◆ HOW TO COMPLETE THIS TASK:
How do the lines below between the ones holding "牡丹江抖音搜索排名优化（抖音seo搜索排名优化）" and "Photo 1/1 Cat", inclusive, read? Give them again exactly, with no other lines.

◆ RECORDS FOR PROCESSING:
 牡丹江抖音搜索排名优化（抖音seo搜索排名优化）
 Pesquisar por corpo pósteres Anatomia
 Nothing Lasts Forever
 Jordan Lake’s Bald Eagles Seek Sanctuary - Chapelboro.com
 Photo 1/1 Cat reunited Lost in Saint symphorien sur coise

--

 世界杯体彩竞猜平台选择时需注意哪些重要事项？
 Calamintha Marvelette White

--

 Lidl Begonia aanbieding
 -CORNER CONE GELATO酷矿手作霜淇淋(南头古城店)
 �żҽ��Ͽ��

◆ REPLY:
 牡丹江抖音搜索排名优化（抖音seo搜索排名优化）
 Pesquisar por corpo pósteres Anatomia
 Nothing Lasts Forever
 Jordan Lake’s Bald Eagles Seek Sanctuary - Chapelboro.com
 Photo 1/1 Cat reunited Lost in Saint symphorien sur coise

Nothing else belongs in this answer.